The nuclear construction industry.
An article in an industry publication last week noted that low natural gas prices and the sputtering economy reduce the need for new nuclear plants. It said four new reactors — two in Georgia and two in South Carolina — are likely to be the only ones the nation will see for the rest of this decade, possibly longer.
“Four new reactors will be added to the grid, but a fifth could be pushing it,” said K. Steiner-Dicks, a journalist reporting for the nuclear plant construction industry publication Nuclear Energy Insider.
The free market is also frowning on nuclear power.
Dominion Power announced last year that it would close its 556-megawatt Kewaunee nuclear plant in Wisconsin because it was no longer economically viable.
Platts, a global energy provider, reported last week that several other nuclear plants face early shutdown because of economics, including Entergy’s 838-megawatt James A. FitzPatrick plant in New York, and its 605-megawatt Vermont Yankee plant.
Even with the shifting landscape in the power industry, millions of Floridians in the areas served by Duke Energy (parent company of Progress Energy Florida) and Florida Power & Light continue to pay in advance for new nuclear plants that critics believe will never be built.
Duke Energy has yet to decide whether it will build the proposed $24 billion Levy County nuclear plant, for which the utility’s 1.6 million Florida customers already have paid more than $750 million.
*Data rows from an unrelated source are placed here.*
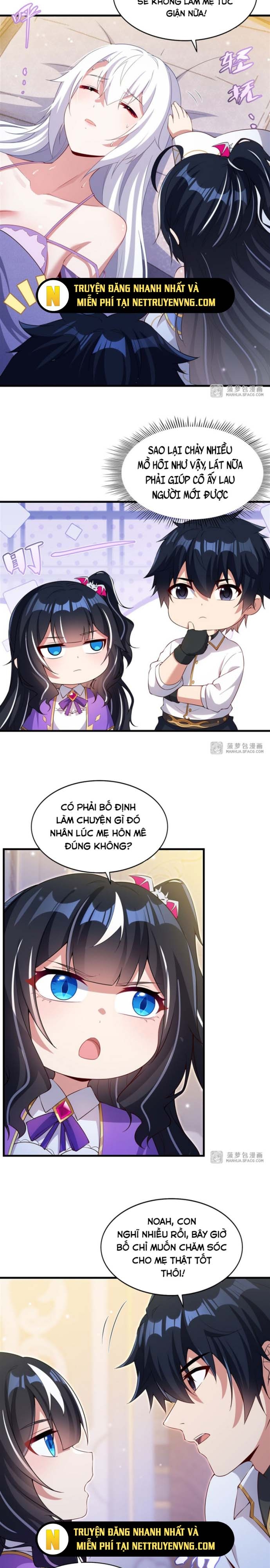 Câm Miệng Đi Ác Long, Ta Không Muốn Trông Trẻ Với Ngươi Nữa! Chapter 27 - Trang 2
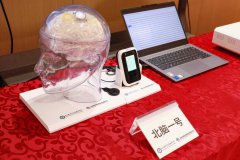 Brain-Computer Interfaces: China's Strategic Bet on a Constr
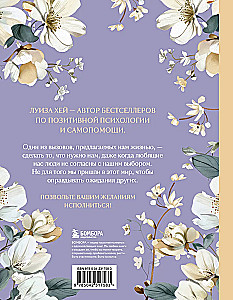 The Big Book of Wish Fulfillment. New Design (luxurious flowers)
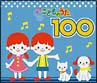 こどものうた100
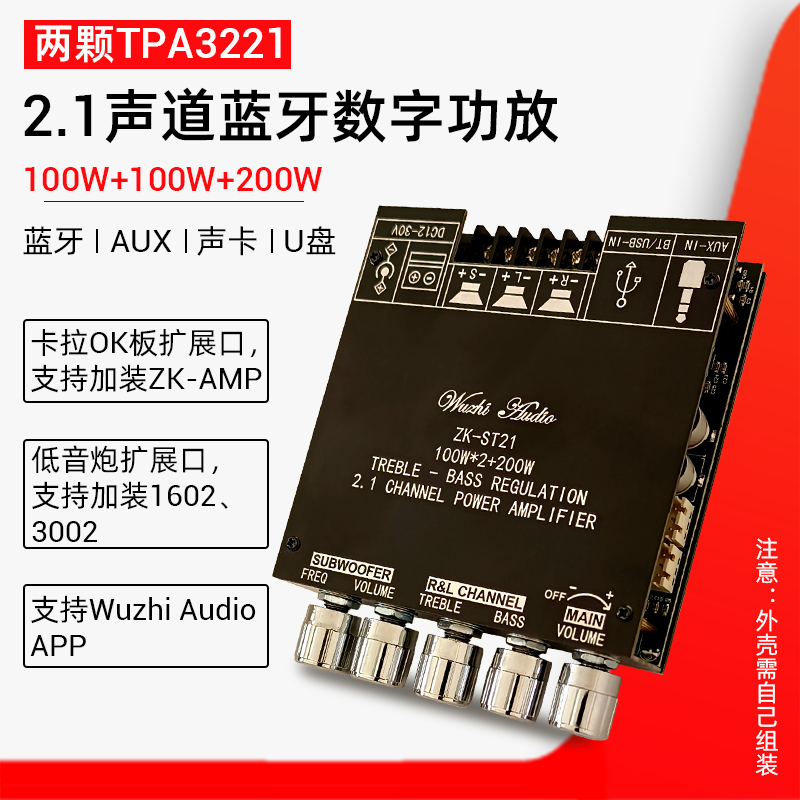 ST21蓝牙数字功放板2.1声道100W+100W+200W低音炮TPA3221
Duke will collect more than $1 billion from customers by 2017, whether the utility builds the plant or not.
Suzanne Grant, a Duke spokeswoman, said the utility is working to ensure Florida maintains a diverse energy mix. An overdependence on one source, such as natural gas, could subject customers to spikes in electric prices if fuel costs rise.
“There are only a few states that are as dependent on natural gas as Florida is,” Ms. Grant said. The Levy nuclear plant “continues to be the best long-term base load operator we have available.”
The Nuclear Energy Insider article said that while there is little demand for new nuclear plants in the United States, “the U.S. nuclear sector is going to focus largely on its progress as a nuclear technology exporter.”